The entire listing below is to be transcribed without a single slip.
# # # #
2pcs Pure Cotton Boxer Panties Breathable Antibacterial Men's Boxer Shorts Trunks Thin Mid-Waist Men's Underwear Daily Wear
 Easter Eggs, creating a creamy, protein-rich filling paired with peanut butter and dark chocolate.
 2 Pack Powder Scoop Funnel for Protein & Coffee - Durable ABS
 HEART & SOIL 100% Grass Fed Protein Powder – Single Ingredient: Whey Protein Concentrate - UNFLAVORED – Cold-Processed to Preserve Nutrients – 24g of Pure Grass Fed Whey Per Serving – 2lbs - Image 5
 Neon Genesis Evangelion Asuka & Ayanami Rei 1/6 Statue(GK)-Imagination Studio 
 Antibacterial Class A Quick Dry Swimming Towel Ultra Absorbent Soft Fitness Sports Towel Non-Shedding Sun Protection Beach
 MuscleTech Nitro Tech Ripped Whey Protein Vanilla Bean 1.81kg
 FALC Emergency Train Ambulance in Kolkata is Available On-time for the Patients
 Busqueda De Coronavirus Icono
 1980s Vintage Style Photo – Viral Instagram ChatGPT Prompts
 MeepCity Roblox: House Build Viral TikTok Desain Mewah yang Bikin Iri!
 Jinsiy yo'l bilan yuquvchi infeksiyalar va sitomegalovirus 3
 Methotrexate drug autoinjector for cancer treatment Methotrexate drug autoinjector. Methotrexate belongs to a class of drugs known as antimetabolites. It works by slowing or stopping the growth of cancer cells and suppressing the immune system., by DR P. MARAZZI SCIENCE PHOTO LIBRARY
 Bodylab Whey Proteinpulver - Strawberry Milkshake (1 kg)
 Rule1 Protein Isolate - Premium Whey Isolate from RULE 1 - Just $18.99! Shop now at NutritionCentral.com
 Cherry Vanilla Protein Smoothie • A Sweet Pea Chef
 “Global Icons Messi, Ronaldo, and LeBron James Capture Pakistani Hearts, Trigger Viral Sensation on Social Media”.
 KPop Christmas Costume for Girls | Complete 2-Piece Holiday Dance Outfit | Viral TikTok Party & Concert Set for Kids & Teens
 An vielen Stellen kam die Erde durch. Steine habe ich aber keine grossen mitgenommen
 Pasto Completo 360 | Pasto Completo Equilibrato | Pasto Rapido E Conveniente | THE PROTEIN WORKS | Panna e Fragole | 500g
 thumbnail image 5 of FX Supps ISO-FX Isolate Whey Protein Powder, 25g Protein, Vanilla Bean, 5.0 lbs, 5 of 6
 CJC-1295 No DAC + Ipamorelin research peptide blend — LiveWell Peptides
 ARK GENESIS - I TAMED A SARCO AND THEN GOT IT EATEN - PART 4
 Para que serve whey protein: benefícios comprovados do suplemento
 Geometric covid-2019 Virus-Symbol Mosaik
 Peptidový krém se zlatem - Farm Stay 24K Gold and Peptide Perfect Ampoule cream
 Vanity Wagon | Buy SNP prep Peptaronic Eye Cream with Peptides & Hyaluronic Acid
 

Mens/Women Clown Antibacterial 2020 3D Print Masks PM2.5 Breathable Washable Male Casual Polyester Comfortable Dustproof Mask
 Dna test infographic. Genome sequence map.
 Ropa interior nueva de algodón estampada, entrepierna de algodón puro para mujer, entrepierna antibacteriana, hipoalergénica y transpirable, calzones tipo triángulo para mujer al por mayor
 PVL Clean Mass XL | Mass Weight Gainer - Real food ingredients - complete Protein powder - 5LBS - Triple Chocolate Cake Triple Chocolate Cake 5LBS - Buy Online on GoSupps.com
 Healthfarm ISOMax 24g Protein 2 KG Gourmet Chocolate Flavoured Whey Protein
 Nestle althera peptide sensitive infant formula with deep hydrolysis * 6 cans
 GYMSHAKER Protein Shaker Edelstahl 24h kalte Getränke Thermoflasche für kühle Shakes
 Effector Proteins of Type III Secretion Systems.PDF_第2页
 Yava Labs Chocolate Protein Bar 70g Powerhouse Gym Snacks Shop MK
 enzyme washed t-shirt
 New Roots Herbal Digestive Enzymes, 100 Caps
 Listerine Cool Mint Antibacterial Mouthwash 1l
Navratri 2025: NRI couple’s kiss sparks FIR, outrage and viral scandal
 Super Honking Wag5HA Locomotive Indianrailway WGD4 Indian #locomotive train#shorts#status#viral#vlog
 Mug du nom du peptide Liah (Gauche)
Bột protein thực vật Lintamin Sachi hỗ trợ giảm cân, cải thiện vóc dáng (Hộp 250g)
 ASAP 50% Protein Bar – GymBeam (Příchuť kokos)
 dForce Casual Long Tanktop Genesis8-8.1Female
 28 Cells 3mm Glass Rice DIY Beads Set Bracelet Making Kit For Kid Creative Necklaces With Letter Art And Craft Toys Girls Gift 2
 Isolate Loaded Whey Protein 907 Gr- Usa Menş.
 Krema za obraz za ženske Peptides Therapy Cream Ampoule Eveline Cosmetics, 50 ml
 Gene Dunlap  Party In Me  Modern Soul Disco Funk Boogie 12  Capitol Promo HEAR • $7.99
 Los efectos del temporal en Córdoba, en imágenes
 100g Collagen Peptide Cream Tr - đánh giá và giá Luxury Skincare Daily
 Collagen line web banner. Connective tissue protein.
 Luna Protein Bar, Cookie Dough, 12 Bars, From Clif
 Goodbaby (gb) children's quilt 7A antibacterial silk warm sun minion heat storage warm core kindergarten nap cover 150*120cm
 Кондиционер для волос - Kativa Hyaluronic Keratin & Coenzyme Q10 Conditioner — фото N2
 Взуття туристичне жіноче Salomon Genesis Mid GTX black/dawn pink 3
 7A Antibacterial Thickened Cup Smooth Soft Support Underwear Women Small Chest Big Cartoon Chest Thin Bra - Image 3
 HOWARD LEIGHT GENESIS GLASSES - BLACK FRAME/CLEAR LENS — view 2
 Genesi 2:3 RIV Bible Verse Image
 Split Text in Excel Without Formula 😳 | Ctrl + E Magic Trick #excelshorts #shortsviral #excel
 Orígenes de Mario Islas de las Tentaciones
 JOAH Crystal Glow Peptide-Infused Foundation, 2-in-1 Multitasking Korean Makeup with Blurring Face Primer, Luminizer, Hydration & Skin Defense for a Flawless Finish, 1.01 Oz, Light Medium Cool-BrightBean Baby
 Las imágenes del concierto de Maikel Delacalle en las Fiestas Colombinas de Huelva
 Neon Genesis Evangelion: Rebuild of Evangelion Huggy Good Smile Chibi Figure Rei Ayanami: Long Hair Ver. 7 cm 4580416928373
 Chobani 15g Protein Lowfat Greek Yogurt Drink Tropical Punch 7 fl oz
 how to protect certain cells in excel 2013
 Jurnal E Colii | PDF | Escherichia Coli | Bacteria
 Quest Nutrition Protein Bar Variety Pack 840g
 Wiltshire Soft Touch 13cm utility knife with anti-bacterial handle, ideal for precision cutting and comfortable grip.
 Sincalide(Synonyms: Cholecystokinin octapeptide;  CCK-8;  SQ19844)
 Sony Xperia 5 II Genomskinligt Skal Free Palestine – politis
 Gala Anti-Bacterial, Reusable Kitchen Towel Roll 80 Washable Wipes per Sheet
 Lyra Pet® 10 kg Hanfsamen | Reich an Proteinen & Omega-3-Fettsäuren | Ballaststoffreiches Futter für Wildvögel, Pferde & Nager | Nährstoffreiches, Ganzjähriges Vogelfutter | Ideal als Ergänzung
# # # #
**Written response:**
2pcs Pure Cotton Boxer Panties Breathable Antibacterial Men's Boxer Shorts Trunks Thin Mid-Waist Men's Underwear Daily Wear
 Easter Eggs, creating a creamy, protein-rich filling paired with peanut butter and dark chocolate.
 2 Pack Powder Scoop Funnel for Protein & Coffee - Durable ABS
 HEART & SOIL 100% Grass Fed Protein Powder – Single Ingredient: Whey Protein Concentrate - UNFLAVORED – Cold-Processed to Preserve Nutrients – 24g of Pure Grass Fed Whey Per Serving – 2lbs - Image 5
 Neon Genesis Evangelion Asuka & Ayanami Rei 1/6 Statue(GK)-Imagination Studio 
 Antibacterial Class A Quick Dry Swimming Towel Ultra Absorbent Soft Fitness Sports Towel Non-Shedding Sun Protection Beach
 MuscleTech Nitro Tech Ripped Whey Protein Vanilla Bean 1.81kg
 FALC Emergency Train Ambulance in Kolkata is Available On-time for the Patients
 Busqueda De Coronavirus Icono
 1980s Vintage Style Photo – Viral Instagram ChatGPT Prompts
 MeepCity Roblox: House Build Viral TikTok Desain Mewah yang Bikin Iri!
 Jinsiy yo'l bilan yuquvchi infeksiyalar va sitomegalovirus 3
 Methotrexate drug autoinjector for cancer treatment Methotrexate drug autoinjector. Methotrexate belongs to a class of drugs known as antimetabolites. It works by slowing or stopping the growth of cancer cells and suppressing the immune system., by DR P. MARAZZI SCIENCE PHOTO LIBRARY
 Bodylab Whey Proteinpulver - Strawberry Milkshake (1 kg)
 Rule1 Protein Isolate - Premium Whey Isolate from RULE 1 - Just $18.99! Shop now at NutritionCentral.com
 Cherry Vanilla Protein Smoothie • A Sweet Pea Chef
 “Global Icons Messi, Ronaldo, and LeBron James Capture Pakistani Hearts, Trigger Viral Sensation on Social Media”.
 KPop Christmas Costume for Girls | Complete 2-Piece Holiday Dance Outfit | Viral TikTok Party & Concert Set for Kids & Teens
 An vielen Stellen kam die Erde durch. Steine habe ich aber keine grossen mitgenommen
 Pasto Completo 360 | Pasto Completo Equilibrato | Pasto Rapido E Conveniente | THE PROTEIN WORKS | Panna e Fragole | 500g
 thumbnail image 5 of FX Supps ISO-FX Isolate Whey Protein Powder, 25g Protein, Vanilla Bean, 5.0 lbs, 5 of 6
 CJC-1295 No DAC + Ipamorelin research peptide blend — LiveWell Peptides
 ARK GENESIS - I TAMED A SARCO AND THEN GOT IT EATEN - PART 4
 Para que serve whey protein: benefícios comprovados do suplemento
 Geometric covid-2019 Virus-Symbol Mosaik
 Peptidový krém se zlatem - Farm Stay 24K Gold and Peptide Perfect Ampoule cream
 Vanity Wagon | Buy SNP prep Peptaronic Eye Cream with Peptides & Hyaluronic Acid
 

Mens/Women Clown Antibacterial 2020 3D Print Masks PM2.5 Breathable Washable Male Casual Polyester Comfortable Dustproof Mask
 Dna test infographic. Genome sequence map.
 Ropa interior nueva de algodón estampada, entrepierna de algodón puro para mujer, entrepierna antibacteriana, hipoalergénica y transpirable, calzones tipo triángulo para mujer al por mayor
 PVL Clean Mass XL | Mass Weight Gainer - Real food ingredients - complete Protein powder - 5LBS - Triple Chocolate Cake Triple Chocolate Cake 5LBS - Buy Online on GoSupps.com
 Healthfarm ISOMax 24g Protein 2 KG Gourmet Chocolate Flavoured Whey Protein
 Nestle althera peptide sensitive infant formula with deep hydrolysis * 6 cans
 GYMSHAKER Protein Shaker Edelstahl 24h kalte Getränke Thermoflasche für kühle Shakes
 Effector Proteins of Type III Secretion Systems.PDF_第2页
 Yava Labs Chocolate Protein Bar 70g Powerhouse Gym Snacks Shop MK
 enzyme washed t-shirt
 New Roots Herbal Digestive Enzymes, 100 Caps
 Listerine Cool Mint Antibacterial Mouthwash 1l
Navratri 2025: NRI couple’s kiss sparks FIR, outrage and viral scandal
 Super Honking Wag5HA Locomotive Indianrailway WGD4 Indian #locomotive train#shorts#status#viral#vlog
 Mug du nom du peptide Liah (Gauche)
Bột protein thực vật Lintamin Sachi hỗ trợ giảm cân, cải thiện vóc dáng (Hộp 250g)
 ASAP 50% Protein Bar – GymBeam (Příchuť kokos)
 dForce Casual Long Tanktop Genesis8-8.1Female
 28 Cells 3mm Glass Rice DIY Beads Set Bracelet Making Kit For Kid Creative Necklaces With Letter Art And Craft Toys Girls Gift 2
 Isolate Loaded Whey Protein 907 Gr- Usa Menş.
 Krema za obraz za ženske Peptides Therapy Cream Ampoule Eveline Cosmetics, 50 ml
 Gene Dunlap  Party In Me  Modern Soul Disco Funk Boogie 12  Capitol Promo HEAR • $7.99
 Los efectos del temporal en Córdoba, en imágenes
 100g Collagen Peptide Cream Tr - đánh giá và giá Luxury Skincare Daily
 Collagen line web banner. Connective tissue protein.
 Luna Protein Bar, Cookie Dough, 12 Bars, From Clif
 Goodbaby (gb) children's quilt 7A antibacterial silk warm sun minion heat storage warm core kindergarten nap cover 150*120cm
 Кондиционер для волос - Kativa Hyaluronic Keratin & Coenzyme Q10 Conditioner — фото N2
 Взуття туристичне жіноче Salomon Genesis Mid GTX black/dawn pink 3
 7A Antibacterial Thickened Cup Smooth Soft Support Underwear Women Small Chest Big Cartoon Chest Thin Bra - Image 3
 HOWARD LEIGHT GENESIS GLASSES - BLACK FRAME/CLEAR LENS — view 2
 Genesi 2:3 RIV Bible Verse Image
 Split Text in Excel Without Formula 😳 | Ctrl + E Magic Trick #excelshorts #shortsviral #excel
 Orígenes de Mario Islas de las Tentaciones
 JOAH Crystal Glow Peptide-Infused Foundation, 2-in-1 Multitasking Korean Makeup with Blurring Face Primer, Luminizer, Hydration & Skin Defense for a Flawless Finish, 1.01 Oz, Light Medium Cool-BrightBean Baby
 Las imágenes del concierto de Maikel Delacalle en las Fiestas Colombinas de Huelva
 Neon Genesis Evangelion: Rebuild of Evangelion Huggy Good Smile Chibi Figure Rei Ayanami: Long Hair Ver. 7 cm 4580416928373
 Chobani 15g Protein Lowfat Greek Yogurt Drink Tropical Punch 7 fl oz
 how to protect certain cells in excel 2013
 Jurnal E Colii | PDF | Escherichia Coli | Bacteria
 Quest Nutrition Protein Bar Variety Pack 840g
 Wiltshire Soft Touch 13cm utility knife with anti-bacterial handle, ideal for precision cutting and comfortable grip.
 Sincalide(Synonyms: Cholecystokinin octapeptide;  CCK-8;  SQ19844)
 Sony Xperia 5 II Genomskinligt Skal Free Palestine – politis
 Gala Anti-Bacterial, Reusable Kitchen Towel Roll 80 Washable Wipes per Sheet
 Lyra Pet® 10 kg Hanfsamen | Reich an Proteinen & Omega-3-Fettsäuren | Ballaststoffreiches Futter für Wildvögel, Pferde & Nager | Nährstoffreiches, Ganzjähriges Vogelfutter | Ideal als Ergänzung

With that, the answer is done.